2024 U-15 Baseball World Cup

Tournament details
- Country: Colombia
- Dates: August 16 - August 25
- Teams: 12
- Defending champions: United States

Final positions
- Champions: Japan (1st title)
- Runners-up: Puerto Rico
- Third place: Chinese Taipei
- Fourth place: Nicaragua

Tournament statistics
- Games played: 50

= 2024 U-15 Baseball World Cup =

The 2024 U-15 Baseball World Cup or the VI U-15 Baseball World Cup was an international baseball tournament held by the World Baseball Softball Confederation for players 15-year-old and younger. The 2024 edition was held in Barranquilla and Cartagena de Indias, Colombia from August 16 to August 25, 2024.

==Format==
The tournament will be conducted according to the following format.

First round: The twelve participating nations were drawn into two groups of 6, in which single round robin will occur. The top 3 nations from each group advances to the Super Round, while the bottom 3 nations from each group advance to the consolation round.

Consolation round: The 6 nations in this round play one game against the teams they have not played yet. (example: The 4th placed team from Group A will play the bottom three teams from Group B)

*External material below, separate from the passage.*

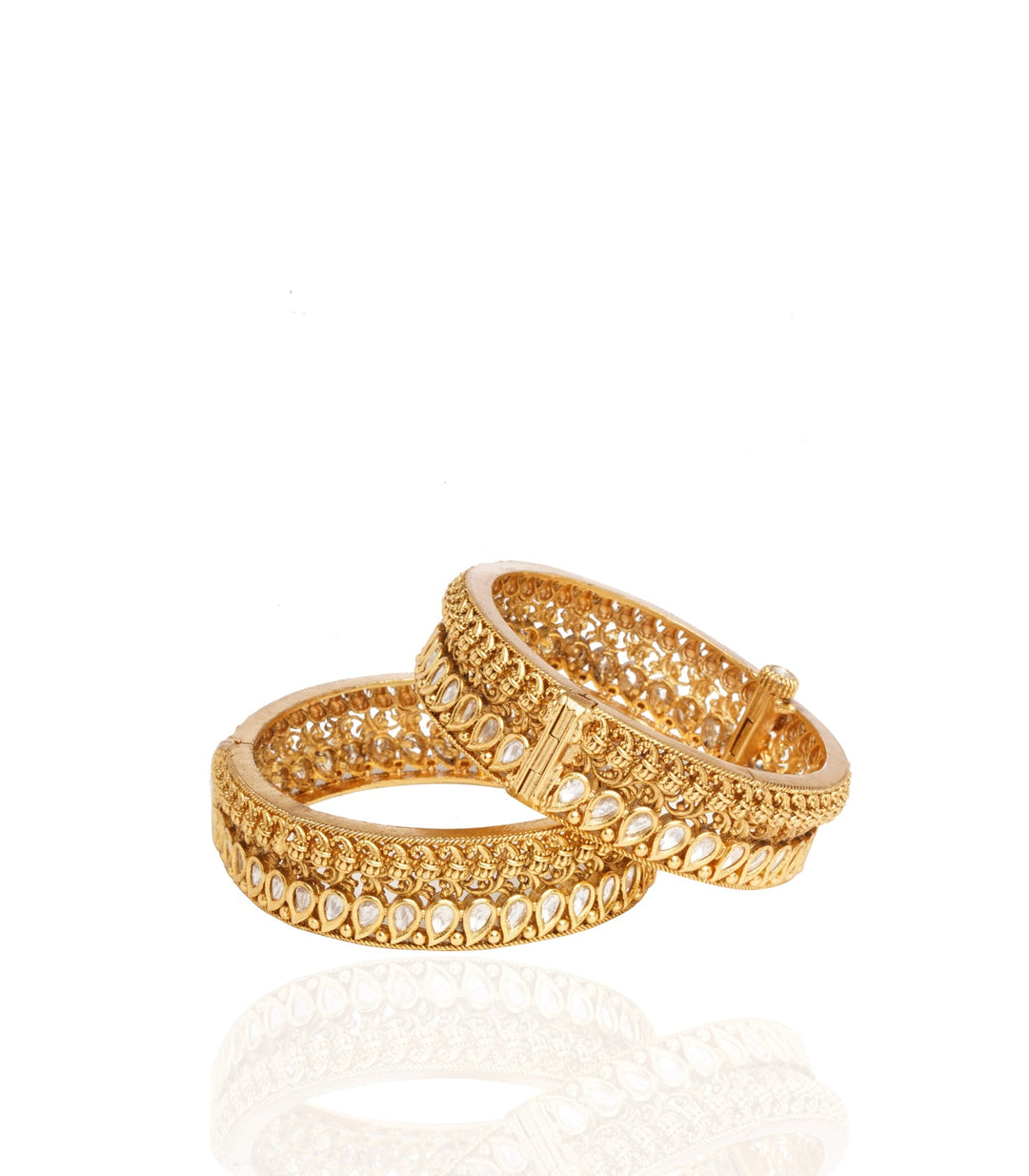 VIDYA GOLD PLATED POLKI BANGLES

Super round: The format in the super round is similar to that of the consolation round. Each team plays the top three teams from the opposing group. (example: The 1st placed team from Group B will play the top three teams from Group A) The standings for this round will include the 2 games played against the 2 other second-round qualifiers from the team's first-round group, and the 3 games played in the second round, for a total of 5 games. The 3rd and 4th-place finishers advance to the bronze-medal game, and the 1st and 2nd-place finishers advance to the gold-medal game.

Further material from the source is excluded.